- **INPUT DATA**
▽

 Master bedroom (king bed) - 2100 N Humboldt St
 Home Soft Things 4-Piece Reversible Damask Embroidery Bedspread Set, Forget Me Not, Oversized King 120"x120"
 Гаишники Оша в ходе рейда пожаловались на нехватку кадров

△
▽

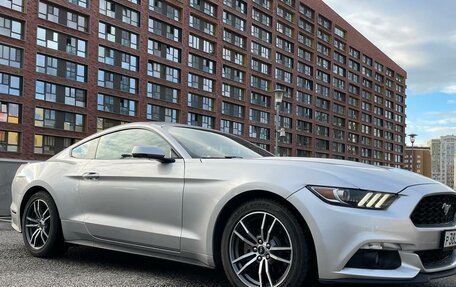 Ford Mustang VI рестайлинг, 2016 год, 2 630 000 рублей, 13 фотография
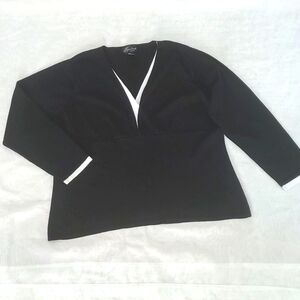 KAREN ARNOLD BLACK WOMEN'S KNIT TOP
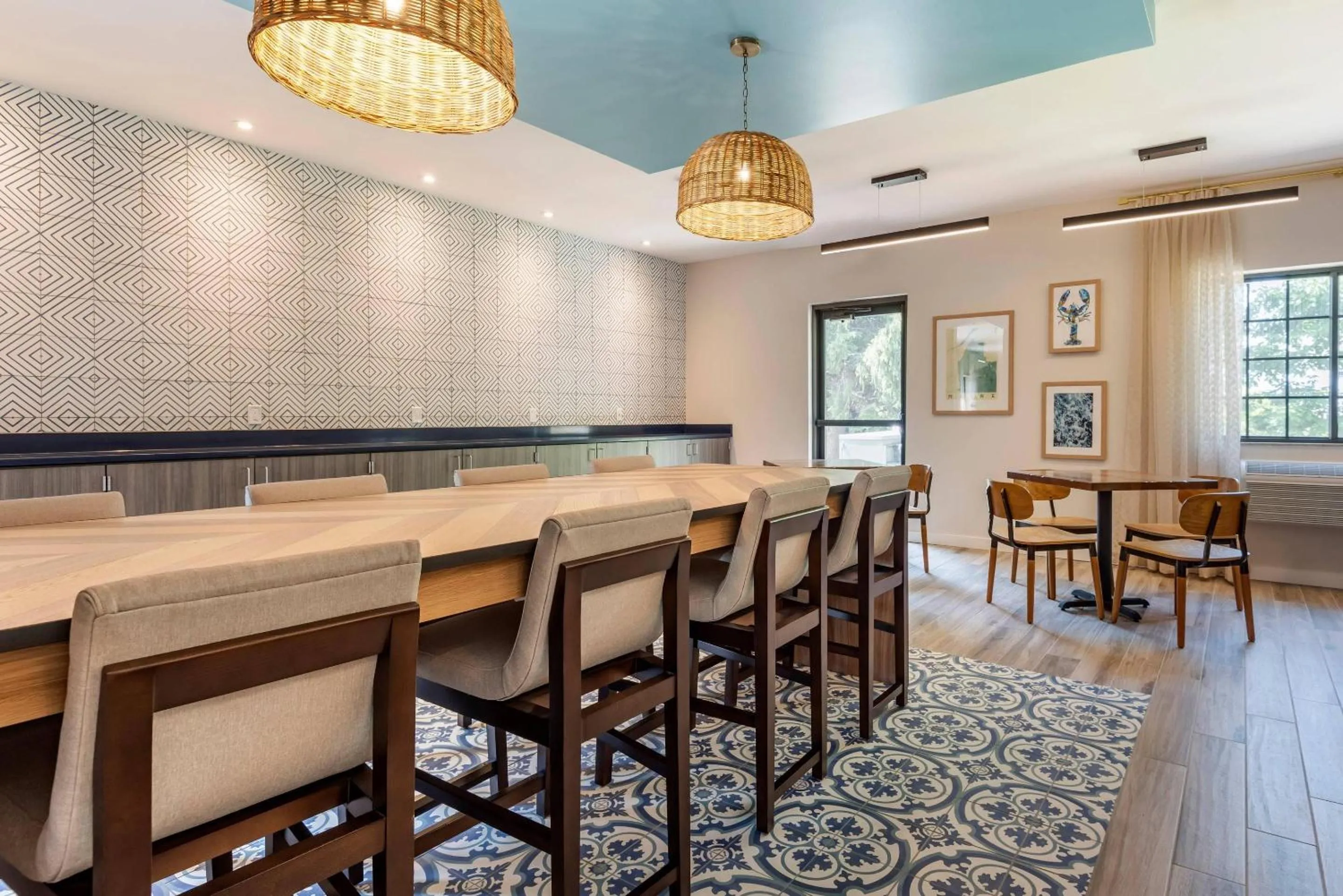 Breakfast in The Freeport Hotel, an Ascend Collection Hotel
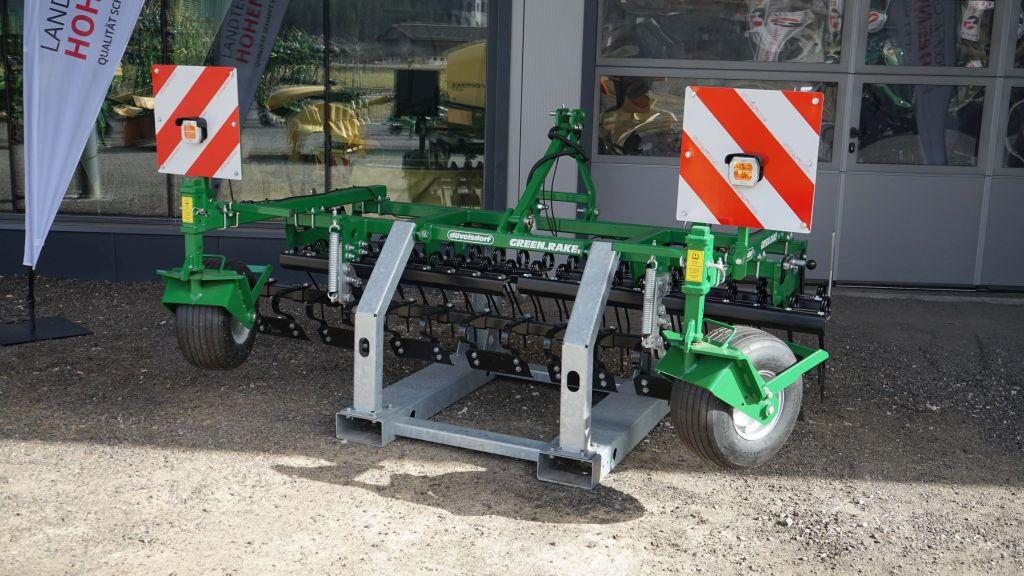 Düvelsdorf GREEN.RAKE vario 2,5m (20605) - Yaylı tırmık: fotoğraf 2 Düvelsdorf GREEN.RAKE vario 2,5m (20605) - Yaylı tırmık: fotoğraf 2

△

- **WHAT YOU HAVE TO DO**
Using the entries above, extract exactly the span from the line with "Master bedroom (king" to the line with "Гаишники Оша в", both lines included; leave out everything else.

- **FINAL ANSWER**
 Master bedroom (king bed) - 2100 N Humboldt St
 Home Soft Things 4-Piece Reversible Damask Embroidery Bedspread Set, Forget Me Not, Oversized King 120"x120"
 Гаишники Оша в ходе рейда пожаловались на нехватку кадров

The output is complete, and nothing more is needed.